The national sales tax would impose a levy — perhaps as much as 23 percent — on all retail purchases. Critics contend that the tax would impose a disproportionately greater burden on lower- and middle-income wage earners, who tend to spend a greater share of their income on purchases.

Proponents suggest that retail goods themselves would likely be less expensive without the compliance costs and other burdens created by the current tax code and then passed along to consumers in the cost of everyday products.

The administration plans to convene a bipartisan commission after the election to juggle different ideas and reach consensus on the most suitable plan.

“It’s basically over the next few months that this will occur,” said Treasury Department spokesman Robert Nichols. He pointed to an ongoing department study of the Alternative Minimum Tax as one of the preliminary steps toward reform that is already being taken.

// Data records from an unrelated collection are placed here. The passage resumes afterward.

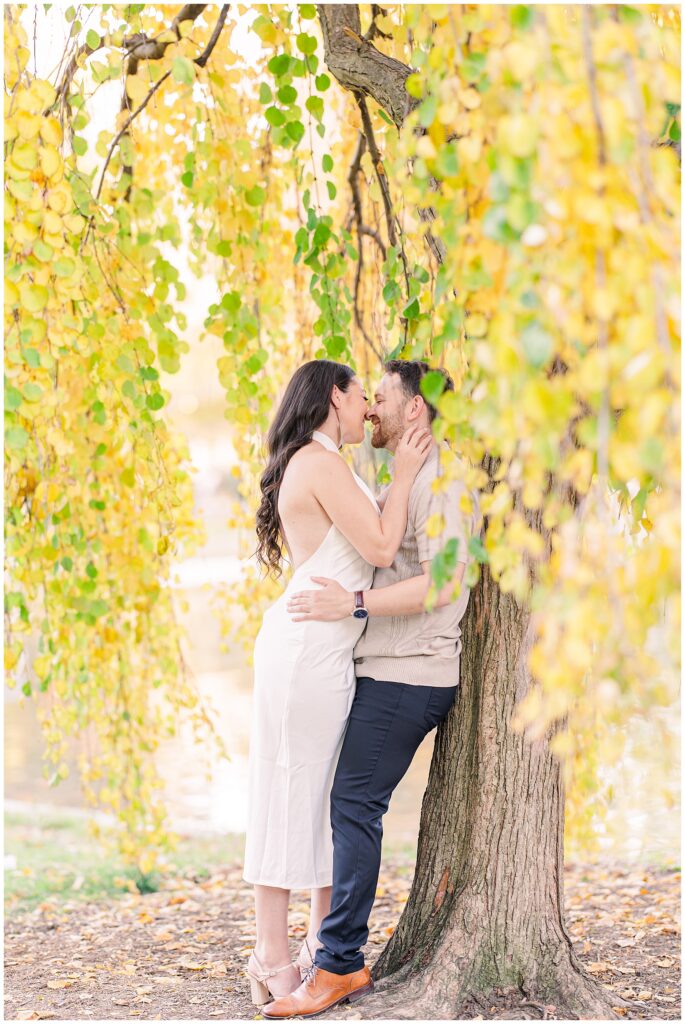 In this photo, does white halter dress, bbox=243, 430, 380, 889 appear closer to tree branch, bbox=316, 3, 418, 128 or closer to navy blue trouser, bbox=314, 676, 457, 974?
navy blue trouser, bbox=314, 676, 457, 974

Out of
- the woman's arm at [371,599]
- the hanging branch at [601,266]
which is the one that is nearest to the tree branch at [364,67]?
the woman's arm at [371,599]

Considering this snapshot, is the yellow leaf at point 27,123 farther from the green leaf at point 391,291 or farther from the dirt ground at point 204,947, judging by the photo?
the dirt ground at point 204,947

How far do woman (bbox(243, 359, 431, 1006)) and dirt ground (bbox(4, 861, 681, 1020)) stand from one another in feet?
0.93

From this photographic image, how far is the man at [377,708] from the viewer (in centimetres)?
222

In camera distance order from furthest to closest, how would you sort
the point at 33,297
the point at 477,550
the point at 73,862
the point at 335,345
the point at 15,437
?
the point at 73,862 → the point at 335,345 → the point at 15,437 → the point at 33,297 → the point at 477,550

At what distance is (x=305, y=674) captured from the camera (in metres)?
2.30

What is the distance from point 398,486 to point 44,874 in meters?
2.93

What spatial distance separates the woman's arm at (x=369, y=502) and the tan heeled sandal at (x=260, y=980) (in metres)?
1.00

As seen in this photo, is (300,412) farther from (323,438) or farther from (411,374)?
(411,374)

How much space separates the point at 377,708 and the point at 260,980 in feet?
2.37

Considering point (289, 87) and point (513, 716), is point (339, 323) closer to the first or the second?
point (289, 87)

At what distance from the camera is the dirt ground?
2395 mm

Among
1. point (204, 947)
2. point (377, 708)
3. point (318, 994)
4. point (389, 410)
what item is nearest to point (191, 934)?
point (204, 947)

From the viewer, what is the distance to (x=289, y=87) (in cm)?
255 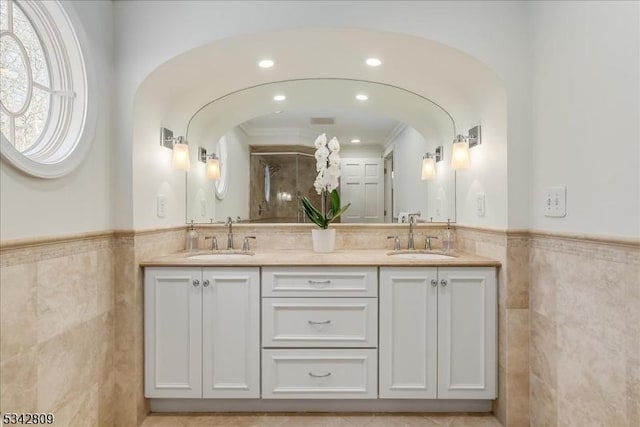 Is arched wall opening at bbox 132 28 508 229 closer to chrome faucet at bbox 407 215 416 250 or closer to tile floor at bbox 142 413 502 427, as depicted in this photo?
chrome faucet at bbox 407 215 416 250

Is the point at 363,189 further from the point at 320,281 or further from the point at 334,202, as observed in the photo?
the point at 320,281

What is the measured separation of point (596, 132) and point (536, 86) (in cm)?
51

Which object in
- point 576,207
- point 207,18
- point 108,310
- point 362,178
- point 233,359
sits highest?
point 207,18

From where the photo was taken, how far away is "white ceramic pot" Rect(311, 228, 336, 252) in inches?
95.1

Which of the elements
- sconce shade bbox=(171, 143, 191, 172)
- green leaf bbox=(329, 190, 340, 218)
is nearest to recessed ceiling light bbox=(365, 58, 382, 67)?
green leaf bbox=(329, 190, 340, 218)

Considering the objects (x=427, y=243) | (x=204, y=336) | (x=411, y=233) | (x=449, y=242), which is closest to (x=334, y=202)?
(x=411, y=233)

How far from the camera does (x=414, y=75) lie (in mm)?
2342

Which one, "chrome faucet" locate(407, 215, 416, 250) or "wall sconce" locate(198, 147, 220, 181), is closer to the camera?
"chrome faucet" locate(407, 215, 416, 250)

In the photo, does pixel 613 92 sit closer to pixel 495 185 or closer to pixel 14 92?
pixel 495 185

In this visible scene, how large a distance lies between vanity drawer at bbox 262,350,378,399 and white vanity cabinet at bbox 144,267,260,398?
0.08 m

The AMT is the minimum rate applied to wealthier taxpayers regardless of deductions and exemptions.

Despite strategic weaknesses the Democrats believe they have unearthed with the national sales tax, they are nevertheless wary of pushing too hard that they make the party appear to be the defender of an unpopular tax regime.

Indeed, just this year some party leaders identified tax reform as a potential treasure trove for party message builders, citing the mounting complexity of the current system. House Minority Whip Steny Hoyer (D-Md.), among others, convened a working group to study ideas and build resistance to GOP proposals, while Rep. Chaka Fattah (D-Pa.) put a plan on the table that would impose a fee on nearly all transactions.

“If you frame the issue as a fairer, simpler code, it’s a home run” with voters, one senior Democratic leadership aide said, citing internal party polling.

Alluding to their GOP opponents, the aide added, “I’m sure they did the same polling we did.”